Interestingly some participants mentioned that they spoke with their mothers and parents more and better, since they were far than when they were together under the same roof. They mentioned that often the relationship had improved since it was distant and mediated by a phone. This honest comment is very interesting because it seems to reflect the majority of relationships maintained through a digital channel. The calls, although they have significantly increased in length and frequency since the reduction of international prices, seem to reinforce the most positive part of the relationship. In distance most people seem to be looking for the comfort the exchange can give them and avoid conflicts.
In another paper in this website I have mentioned my hypothesis that mediated communication is a way of handling anxiety and that making contact with a loved one even briefly is a way of feeling comforted. I tried to show how a call or text seems to slot in within a cycle of anxiety reduction as it was described by Bowlby.
I was therefore particularly interested in reading the account of a research published May 11 in the journal Proceedings of the Royal Society B. The research showed how a phone call to their mothers, had the same comforting effect on some young girls engaged in a stressful activity, as a physical contact.
The following account of the experiment was reported by the Scientific American : Seltzer and her colleagues had 61 seven- to 12-year-old girls perform math and public-speaking tasks in front of an audience of strangers. (These are frequently employed stress tests for children.) Afterward, 19 girls were turned back over to their mothers, who gave comfort for 15 minutes, in part through reassuring physical contact with the girls. Alternatively, 20 of the girls received a 15-minute-long call from their mothers on a phone provided by the researchers. The remaining 22 girls watched an emotionally neutral movie for 75 minutes. (The two other groups also were shown 60 minutes of the same neutral movie after their 15 minutes of maternal contact.) To test levels of the stress hormone cortisol, samples of spit were collected seven times over the course of the experiment, and levels of oxytocin were monitored through four urine samples that were collected. This description of the hormonal effects of mediated communication seems highly compatible with the phenomena we are encountering in our interviews. There are a variety of reasons that make adults call their mothers regularly but the notions of anxiety and comfort are always mentioned in a way or another.

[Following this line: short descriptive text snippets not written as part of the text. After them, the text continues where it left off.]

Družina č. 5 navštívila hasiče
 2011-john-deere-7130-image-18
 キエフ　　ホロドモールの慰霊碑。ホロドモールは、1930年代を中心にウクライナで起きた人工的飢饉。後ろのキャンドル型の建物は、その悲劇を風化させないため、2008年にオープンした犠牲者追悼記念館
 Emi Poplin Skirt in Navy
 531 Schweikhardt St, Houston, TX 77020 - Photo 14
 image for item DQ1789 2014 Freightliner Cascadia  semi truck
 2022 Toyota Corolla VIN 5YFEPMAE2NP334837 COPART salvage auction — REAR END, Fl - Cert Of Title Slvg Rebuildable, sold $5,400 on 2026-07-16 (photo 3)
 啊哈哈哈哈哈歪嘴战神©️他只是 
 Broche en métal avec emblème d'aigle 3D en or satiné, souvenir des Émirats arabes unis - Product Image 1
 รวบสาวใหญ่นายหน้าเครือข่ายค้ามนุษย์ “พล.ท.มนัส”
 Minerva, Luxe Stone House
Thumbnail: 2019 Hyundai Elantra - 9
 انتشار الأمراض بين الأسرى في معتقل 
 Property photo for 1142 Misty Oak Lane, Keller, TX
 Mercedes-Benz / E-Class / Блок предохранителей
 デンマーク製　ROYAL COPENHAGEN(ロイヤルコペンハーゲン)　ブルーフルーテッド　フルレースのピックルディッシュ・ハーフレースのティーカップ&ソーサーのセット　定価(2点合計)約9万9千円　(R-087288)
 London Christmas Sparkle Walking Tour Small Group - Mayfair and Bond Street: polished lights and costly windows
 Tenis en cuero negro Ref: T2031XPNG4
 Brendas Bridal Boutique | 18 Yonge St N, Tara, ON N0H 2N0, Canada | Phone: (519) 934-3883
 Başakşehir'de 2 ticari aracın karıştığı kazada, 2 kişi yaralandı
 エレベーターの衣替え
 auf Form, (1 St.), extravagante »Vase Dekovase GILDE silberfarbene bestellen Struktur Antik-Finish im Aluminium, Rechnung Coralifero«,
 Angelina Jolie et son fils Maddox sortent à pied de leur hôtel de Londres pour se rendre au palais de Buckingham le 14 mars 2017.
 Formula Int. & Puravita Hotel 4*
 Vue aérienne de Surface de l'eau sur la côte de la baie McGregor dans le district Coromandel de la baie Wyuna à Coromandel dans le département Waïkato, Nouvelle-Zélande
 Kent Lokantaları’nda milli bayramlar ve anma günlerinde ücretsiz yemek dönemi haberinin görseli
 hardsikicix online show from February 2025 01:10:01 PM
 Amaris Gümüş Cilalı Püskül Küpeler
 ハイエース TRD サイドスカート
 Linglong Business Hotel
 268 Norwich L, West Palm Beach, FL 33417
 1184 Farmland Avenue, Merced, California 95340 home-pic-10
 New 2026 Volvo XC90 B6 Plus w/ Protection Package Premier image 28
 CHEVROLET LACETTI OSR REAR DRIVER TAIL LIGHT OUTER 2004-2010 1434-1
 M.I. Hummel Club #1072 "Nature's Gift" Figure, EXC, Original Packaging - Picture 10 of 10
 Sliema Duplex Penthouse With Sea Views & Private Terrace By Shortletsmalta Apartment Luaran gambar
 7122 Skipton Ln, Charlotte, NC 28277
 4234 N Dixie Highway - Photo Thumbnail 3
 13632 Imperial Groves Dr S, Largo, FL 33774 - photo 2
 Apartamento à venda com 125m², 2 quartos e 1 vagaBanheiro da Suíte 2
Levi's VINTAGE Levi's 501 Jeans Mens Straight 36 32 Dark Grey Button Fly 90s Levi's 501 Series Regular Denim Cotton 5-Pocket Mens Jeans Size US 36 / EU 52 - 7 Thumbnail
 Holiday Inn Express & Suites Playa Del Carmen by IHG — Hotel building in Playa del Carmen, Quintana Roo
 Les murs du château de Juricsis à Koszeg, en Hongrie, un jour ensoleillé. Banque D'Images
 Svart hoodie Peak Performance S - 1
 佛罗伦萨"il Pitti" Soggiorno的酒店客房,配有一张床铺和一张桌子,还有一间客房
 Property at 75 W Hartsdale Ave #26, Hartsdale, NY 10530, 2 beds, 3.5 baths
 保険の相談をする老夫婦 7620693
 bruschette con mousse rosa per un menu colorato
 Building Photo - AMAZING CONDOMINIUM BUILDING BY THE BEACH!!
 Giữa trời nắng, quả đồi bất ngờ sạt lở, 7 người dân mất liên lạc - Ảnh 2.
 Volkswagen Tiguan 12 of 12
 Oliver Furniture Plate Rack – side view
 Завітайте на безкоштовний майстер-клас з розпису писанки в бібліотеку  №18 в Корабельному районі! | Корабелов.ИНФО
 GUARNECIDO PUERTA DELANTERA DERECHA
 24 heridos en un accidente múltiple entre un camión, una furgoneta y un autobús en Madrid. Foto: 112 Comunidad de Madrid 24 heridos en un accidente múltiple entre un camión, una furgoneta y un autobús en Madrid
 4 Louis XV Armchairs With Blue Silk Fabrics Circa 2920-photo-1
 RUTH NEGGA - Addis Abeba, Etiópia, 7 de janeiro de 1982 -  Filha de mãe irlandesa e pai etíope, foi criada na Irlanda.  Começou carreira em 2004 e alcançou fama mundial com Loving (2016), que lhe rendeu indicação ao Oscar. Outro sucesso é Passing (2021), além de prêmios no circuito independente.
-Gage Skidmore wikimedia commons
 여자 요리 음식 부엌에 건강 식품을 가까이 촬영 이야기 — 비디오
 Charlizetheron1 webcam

The researchers found that "the children who got to interact with their mothers had virtually the same hormonal response, whether they interacted in person or over the phone," Seltzer said. By the end of the experiment, those girls who had spoken with their mothers over the phone had about the same levels of cortisol as those who had met with their mothers in person (though the phone group's levels took longer to arrive at that lower level). Both of these groups had much less cortisol in their saliva than those who had had no contact with their mothers after the stressful endeavor.
The effect of talking to Mom was even more dramatic when assessed via subjects' levels of oxytocin. "Girls released conspicuously similar levels" of the bonding hormone whether they had spoken with their mothers or had physical contact with them by the end of the session, Seltzer and her team found. (The girls who did not have contact with their mothers after the stress event had consistent, lower levels of oxytocin.)